安住紳一郎 第27回橋田賞受賞を語る

安住紳一郎 第27回橋田賞受賞を語る 安住紳一郎の日曜天国

安住紳一郎さんがTBSラジオ『日曜天国』の中で第27回橋田賞を受賞したことを話していました。

(安住紳一郎)それから皆様に報告なんですけども。金曜日に私、安住紳一郎がですね、なんと第27回橋田賞を受賞いたしまして。

(中澤有美子)(拍手)

(安住紳一郎)ありがとうございます。びっくりいたしました。青天の霹靂とはこのことで。

(中澤有美子)ああ、そうなんですか?

(安住紳一郎)本来、ドラマ、映画、演劇人たちに贈られる賞をなぜか私が受賞したということで。仮装もしてないのに仮装大賞受賞というような。ごくごく普通の私服なんですけども、それを「仮装」と認めて頂いたみたいな、そういうことになってましてですね。会場もどよめきましたけれども、くださるということでありがたく頂いてまいりました。世の中の賞というものは自薦と他薦があるんですけども。

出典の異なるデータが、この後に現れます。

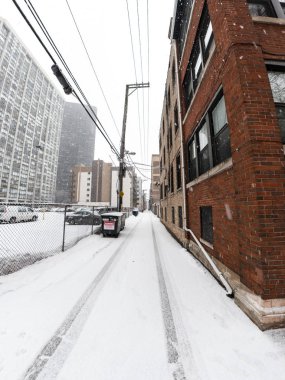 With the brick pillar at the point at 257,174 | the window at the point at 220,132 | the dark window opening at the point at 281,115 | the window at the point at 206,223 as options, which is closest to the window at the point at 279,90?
the dark window opening at the point at 281,115

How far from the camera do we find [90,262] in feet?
19.2

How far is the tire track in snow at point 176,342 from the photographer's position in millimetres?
1980

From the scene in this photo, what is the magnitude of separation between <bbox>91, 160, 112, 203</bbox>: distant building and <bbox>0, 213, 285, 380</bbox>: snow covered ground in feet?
301

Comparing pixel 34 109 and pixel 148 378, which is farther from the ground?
pixel 34 109

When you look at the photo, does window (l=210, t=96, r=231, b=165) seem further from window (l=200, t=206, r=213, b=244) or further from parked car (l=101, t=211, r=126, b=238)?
parked car (l=101, t=211, r=126, b=238)

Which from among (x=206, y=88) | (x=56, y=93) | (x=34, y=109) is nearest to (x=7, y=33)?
(x=34, y=109)

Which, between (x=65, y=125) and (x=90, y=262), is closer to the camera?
(x=90, y=262)

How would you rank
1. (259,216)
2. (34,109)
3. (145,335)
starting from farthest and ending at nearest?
(34,109), (259,216), (145,335)

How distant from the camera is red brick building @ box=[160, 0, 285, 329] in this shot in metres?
2.90

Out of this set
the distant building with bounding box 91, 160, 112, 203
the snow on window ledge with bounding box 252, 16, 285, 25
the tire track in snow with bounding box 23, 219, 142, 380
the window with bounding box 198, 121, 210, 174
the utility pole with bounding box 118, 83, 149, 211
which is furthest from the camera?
the distant building with bounding box 91, 160, 112, 203

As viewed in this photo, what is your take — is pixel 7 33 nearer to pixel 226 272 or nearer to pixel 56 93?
pixel 56 93

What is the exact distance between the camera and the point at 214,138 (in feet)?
17.3

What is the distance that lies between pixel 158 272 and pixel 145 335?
2675 mm

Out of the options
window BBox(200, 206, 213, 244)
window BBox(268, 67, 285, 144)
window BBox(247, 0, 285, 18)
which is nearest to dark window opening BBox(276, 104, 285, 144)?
window BBox(268, 67, 285, 144) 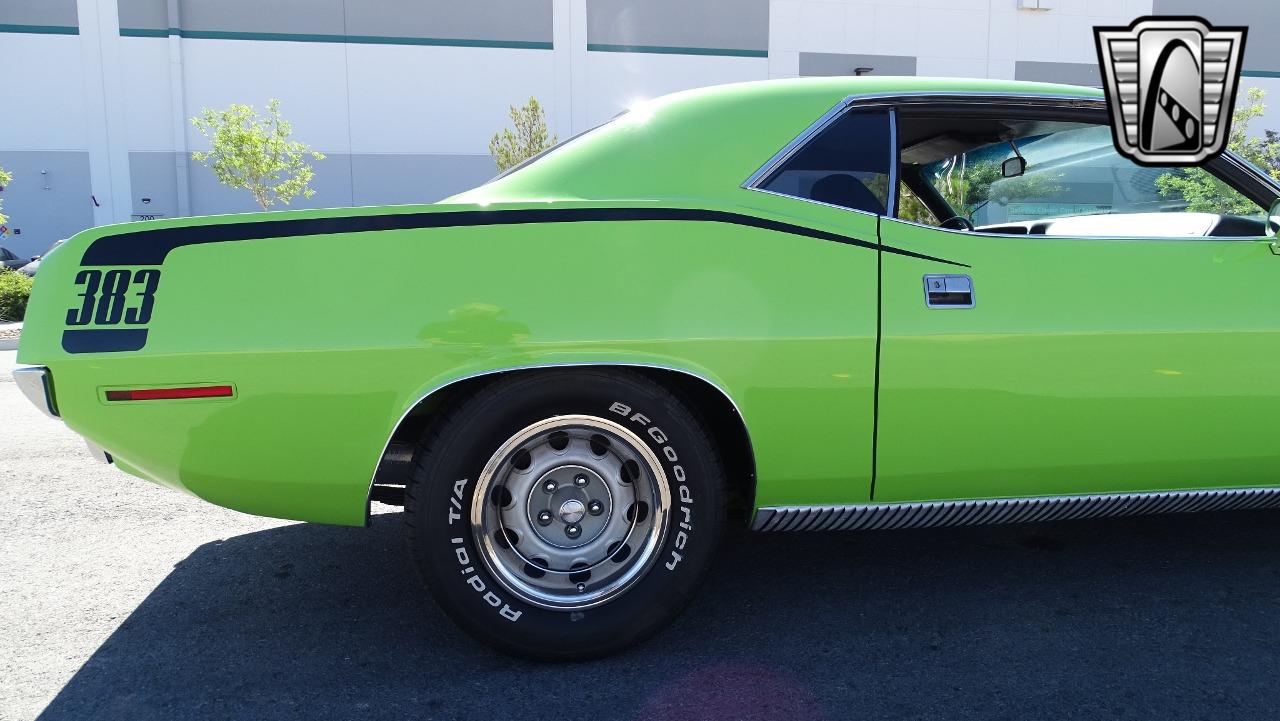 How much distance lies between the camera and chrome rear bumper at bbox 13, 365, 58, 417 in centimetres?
209

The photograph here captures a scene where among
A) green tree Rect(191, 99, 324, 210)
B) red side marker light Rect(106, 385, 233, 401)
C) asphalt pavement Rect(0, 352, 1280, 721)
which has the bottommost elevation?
asphalt pavement Rect(0, 352, 1280, 721)

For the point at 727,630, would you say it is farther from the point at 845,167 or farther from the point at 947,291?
the point at 845,167

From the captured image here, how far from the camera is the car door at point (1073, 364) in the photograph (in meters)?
2.32

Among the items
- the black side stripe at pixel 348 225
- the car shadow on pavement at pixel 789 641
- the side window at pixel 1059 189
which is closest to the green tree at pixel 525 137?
the side window at pixel 1059 189

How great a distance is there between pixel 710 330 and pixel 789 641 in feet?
2.97

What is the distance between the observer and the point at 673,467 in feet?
7.48

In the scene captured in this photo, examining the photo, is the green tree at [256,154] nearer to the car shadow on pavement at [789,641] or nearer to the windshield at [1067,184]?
the car shadow on pavement at [789,641]

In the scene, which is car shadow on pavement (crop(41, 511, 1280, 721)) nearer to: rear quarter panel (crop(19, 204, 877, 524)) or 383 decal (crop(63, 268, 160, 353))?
rear quarter panel (crop(19, 204, 877, 524))

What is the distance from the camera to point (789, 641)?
8.02 ft

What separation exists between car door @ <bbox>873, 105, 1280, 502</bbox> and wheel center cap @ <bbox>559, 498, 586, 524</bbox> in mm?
800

大体、放送に関わるものというのは自薦が多いんですよね。自分で賞を狙いに行くっていうパターンが多くてですね。まあ、それはそれでいいんですね。ただ私は、ちょっとね、まだキャリアも少ないので。なんとなく、いろいろ自分の放送のその仕事を自薦するっていう感じはあんまりまだしてなかったので、他薦で頂く賞がまた嬉しいということだったんですけどもね。

(中澤有美子)そうですね。

(安住紳一郎)本当に突然、ご推薦というか推挙の電話がありまして。「是非、お受け下さい」なんて。いや、もう本当にありがたく頂いてまいりました。そして私の活動の指針である「得体の知れないものこそ一番強い」というですね、その指針通りにこれでなんと私はみうらじゅん賞と橋田賞を受賞しているということに……まったくもって意味不明なアナウンサーになりました。

(中澤有美子)フハハハハハハハッ!

(安住紳一郎)これはね、ありえないんです。全く門外漢の賞の受賞を2つ、並べました。

(中澤有美子)振り幅がすごいですね。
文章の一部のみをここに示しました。